Screenshot (99)“The Lighthouse” is a unique experience – one that not everyone will want to have. Its genius lies in its ability to make us feel as though we are descending into madness along with the characters. It makes us question or own sanity and ability to keep facts straight as things become twisted. Its use of sound design and cinematography help push us there, and expertly provokes that sense of dread and claustrophobia that the characters are experiencing.

Life is bleak for Winslow and Thomas when they’re dropped off at the lighthouse. Though it’s filmed in black and white, there’s an even greater sense of gloom and lack of definition. Films from the 40’s have more nuances in their color gradient. I guess I could say it’s the Seattle of films, especially considering that every day on the island is overcast. Fog seems to consume everything.

Things get strange right off the bat, with Winslow (played by Pattinson) experiencing hallucinations in the form of mythological creatures. We get the sense that he may already be a bit wonky. Winslow is ordered around by Thomas (played by Dafoe), who constantly demeans his younger counterpart by referring to him as “lad” and accusing him of not being a hard worker. Thomas seems to spend most of his day up in the gallery, while Winslow spends the day shoveling coal and fighting seagulls. When Thomas isn’t working or cooking, he’s telling long-winded stories and farting.

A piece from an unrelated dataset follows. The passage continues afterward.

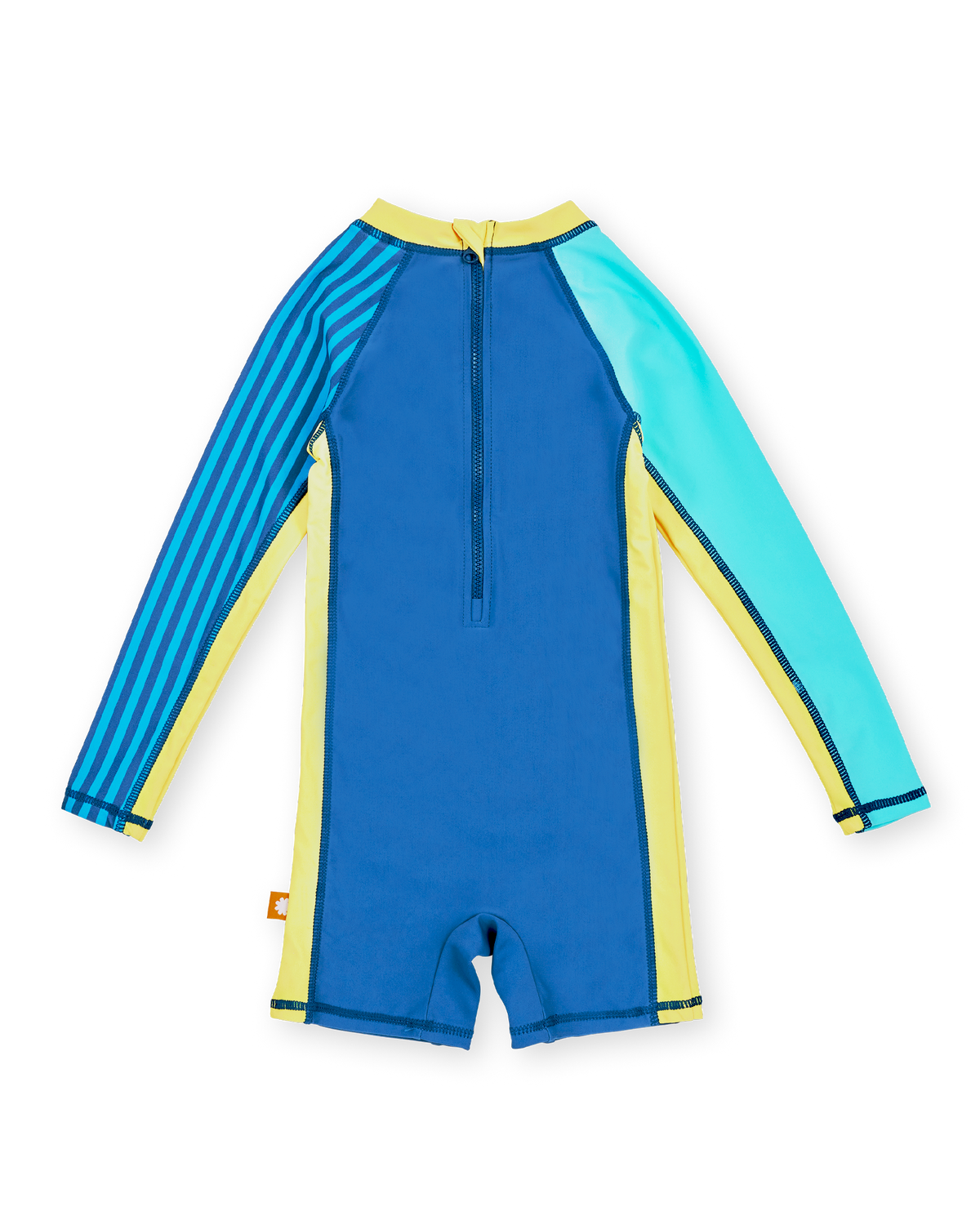 Goldie + Ace Stripe Panel Shortleg Swimsuit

Thomas denies Winslow access to the light, which quickly becomes an obsession for the young man. What secrets could be up there? For us, it’s a simple answer, but for him, the sirens are calling. There are some terrifyingly provocative scenes that show Eggers isn’t abashed from playing on loneliness and the effect it can have on men’s sexual desires. The first instance happens relatively early on, but things only get more surreal. We question which of the two men will go completely mad first, and it’s unclear whether Thomas is crazily trying to destroy Winslow, or just hording the only measure of sanity for himself. Ironically, the two seem to be most sane in instances of heavy drinking. There’s a surprising amount of humor in such a bleak picture.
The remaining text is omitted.